Presentazione
a cura di Marco Aime
“In una nota all’Accademia delle Scienze del 1900, Auguste Chevalier faceva nascere la zona sud-sahariana del Sahel oggi riconosciuta dal mondo scientifico”.
Così, alla fine una discussione accademica è nata la nozione di Sahel, parola che in arabo vuol dire “sponda”. Ma cos’è davvero il Sahel? Potremmo limitarci a dire che è una striscia lunga 8500 Km, vasta circa 6 milioni di Kmq, che attraversa 12 Stati (Gambia, Senegal, Mauritania, Malì, Burkina Faso, Niger, Nigeria, Camerun, Ciad, Sudan, Sud Sudan ed Eritea) definita più dalle sue caratteristiche climatiche, ambientali e sociali che non da quelle geografiche o politiche.
Non è semplice indicare i confini del Sahel: a nord chi è in grado di tracciare un confine netto con il Sahara? Sabbia e terra vanno via via fondendosi e ogni sera la prima sembra aver vinto la battaglia quotidiana. A Sud, invece, la zona semi-arida sfuma progressivamente nelle verdi savane delle grandi pianure solcate dai fiumi che si gettano nell’oceano.
Ma potremmo anche dire che esiste più di un Sahel: quello climatico-ambientale; quello storico, legato ai grandi regni dell’oro e alla religione islamica, quello culturale, caratterizzato dall’incontro tra la cultura araba e quella locale una grande e oggi quello bellico-strategico, in cui si gioca una grande partita tra il terrorismo jihadista, gli stati saheliani, le potenze straniere e la popolazione.

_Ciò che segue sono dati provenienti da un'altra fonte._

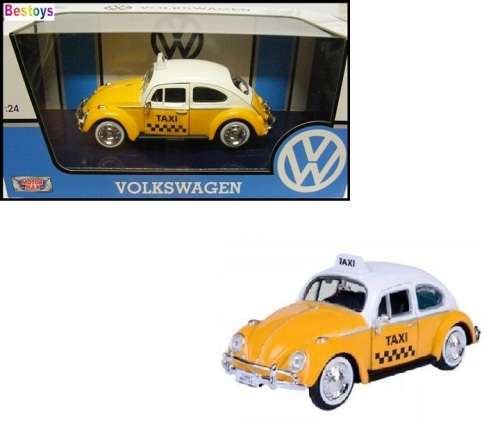 Motormax Motor Max Diecast Model Car 79550 VW Volkswagen Beetle 1300 1966 "Taxi" 1/24 scale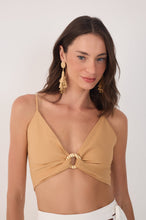 Load image into Gallery viewer, Beige V Neck Detail Cut-Out Crop Top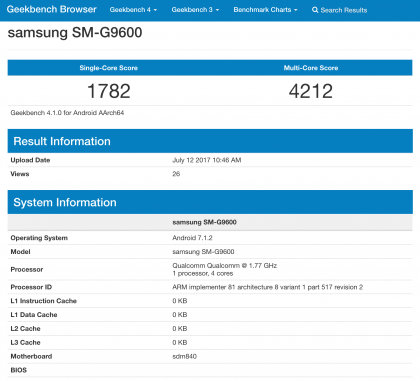 Samsung SM-G9600 GeekBenchissä.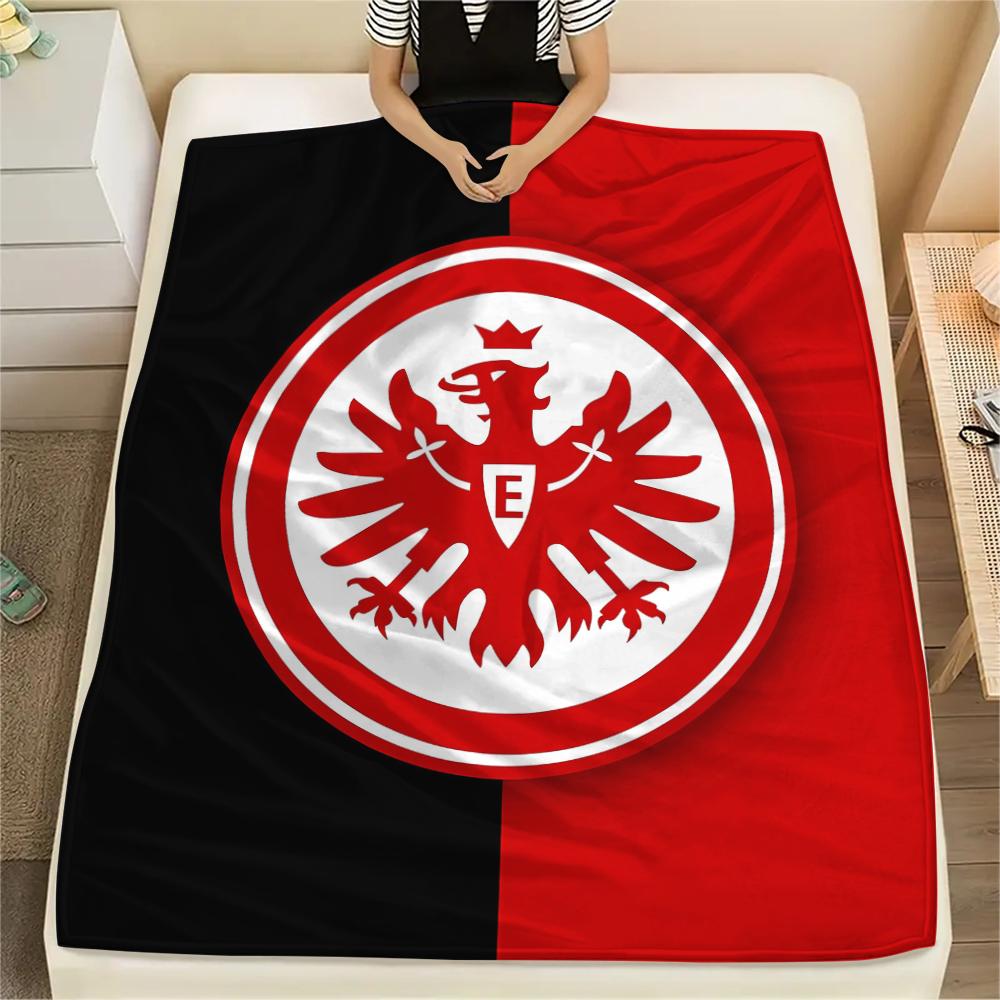 1PC Frankfurt Football Print Flannel Blanket, High quality All Seasons, Home Decor, Warmth and Comfort, Perfect for Christmas Gifts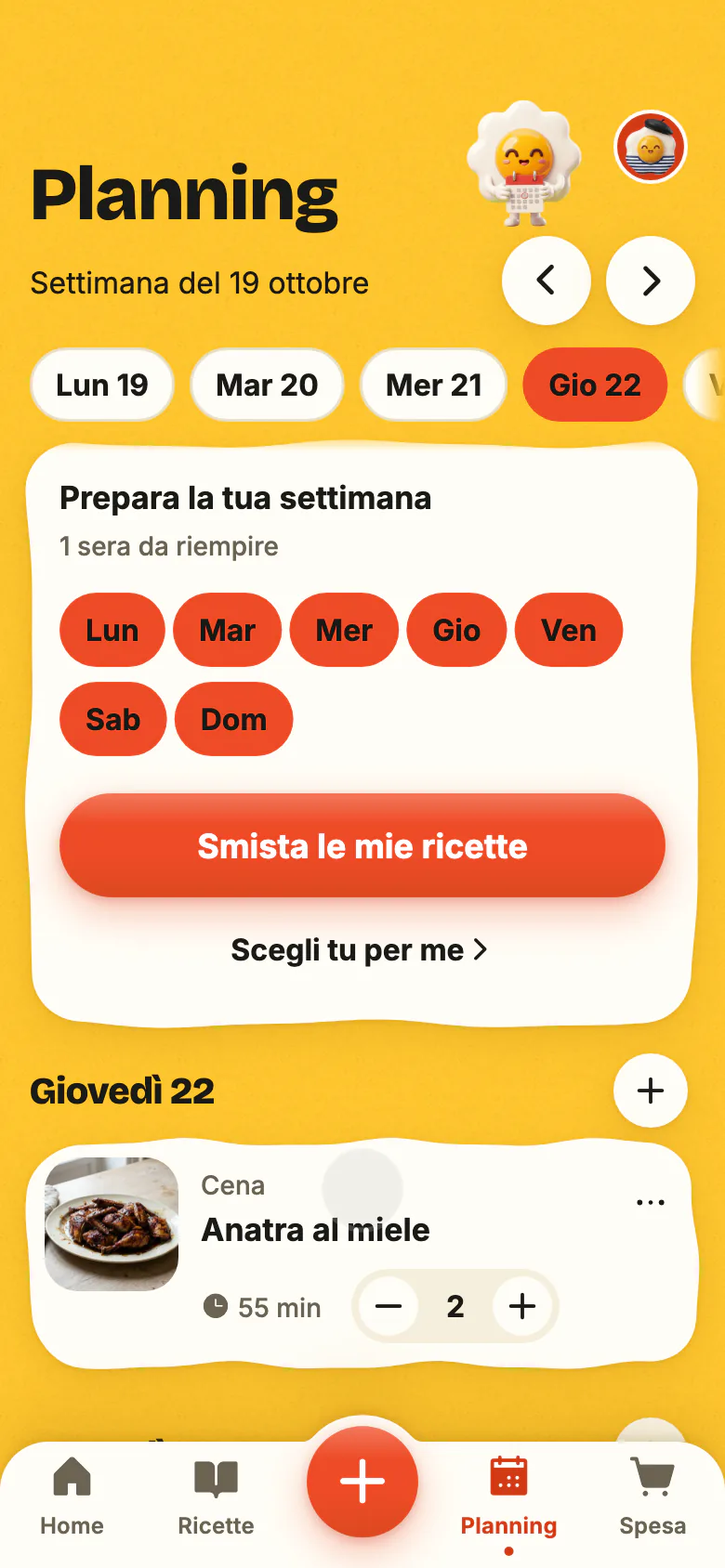 Il planning di Yumclip: una ricetta per stasera, poi le altre sere della settimana che si riempiono.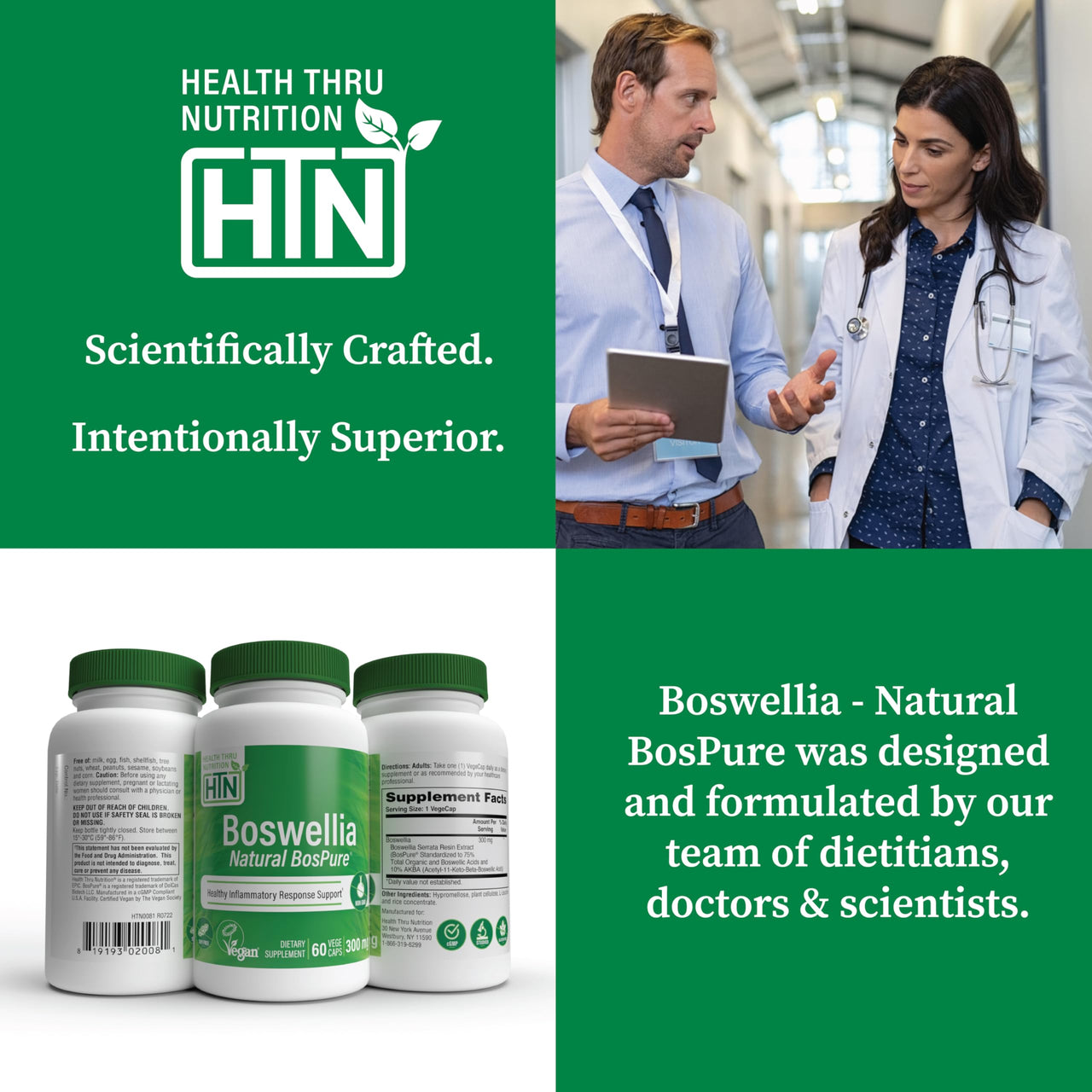 Health Thru Nutrition Boswellia 300mg 60 Capsules as Bospure AKBAMAX | High Potency 75% Boswellic Acids 10% AKBA | Healthy Mobility Support | Vegan Certified | Non-GMO, Gluten Free, Soy Free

I limiti del Sahel climatico-ambientale coincidono più o meno con le linee pluviometriche: da 100mm/anno a nord, 600 a sud. Quando le piogge rimangono sotto i 150mm/anno, la vegetazione non riesce a raggiungere una consistenza tale da rallentare il trasporto di sabbia del vento sahariano.
Per chi arrivava da nord, era la terra in cui l’Africa ricominciava a vivere, a essere popolata; per chi arrivava da sud era l’inizio della fatica e della solitudine. Una frontiera vera e propria , dove a incontrarsi non sono state solo le sabbie sahariane con le terre umide della savana, ma anche la tradizione delle popolazioni locali legate al mondo nero con la cultura islamica, venuta dall’est e giunta da queste parti attorno all’anno Mille.
Le diverse combinazioni di queste due espressioni hanno dato vita a culture specifiche, che spesso mescolano tratti dell’una o dell’altra, facendole convivere in una dimensione nuova. È di questa cicatrice sul mondo, che ci parlano i racconti di p. Mauro Armanino, piccole/grandi storie quotidiane, che partono dal basso per aprirci lo sguardo su un orizzonte molto più ampio, fatto di drammi quotidiani, di sofferenze per il clima e per la mano crudele di certi uomini.
Storie che partono da lontano per arrivare fino a noi, così come molte donne, uomini e bambini, sono partiti da lontano, per cercare qui un futuro migliore. Le storie che p. Mauro ci racconta, con il suo stile scarno, asciutto, non sono ammantate di esotismo e se c’è un “mal d’Africa” è quello degli africani che ci vivono, non degli europei affascinati dal quel continente.
Storie che ci sono vicine, perché potrebbero insegnarci a capire che il nostro destino è inevitabilmente legato a quelle persone, a quei villaggi, a quelle savane aride.
Intanto un’Europa schizofrenica (o ipocrita) da un lato si proclama portatrice di valori come uguaglianza, democrazia e libertà, e dall’altra investe sempre più denaro in armi e operazioni militari per fermare chi fugge da una tragedia.
Peggio, subappalta il lavoro sporco a Paesi come Libia o Turchia, lavandosi così le mani spostando i propri confini ai limiti del Sahara. Come sempre accade è un problema di frontiere. Quelle frontiere della cui creazione spesso acquisiamo la natura.
La natura è assolutamente innocente rispetto alle nostre malefatte. Siamo noi, che per decreto, trasformiamo un fiume, una catena montuosa o molto più spesso una linea immaginaria, in frontiera, e come ci dice p. Armanino, la frontiera che è dentro di noi è la più pericolosa, perché genera tutte le altre.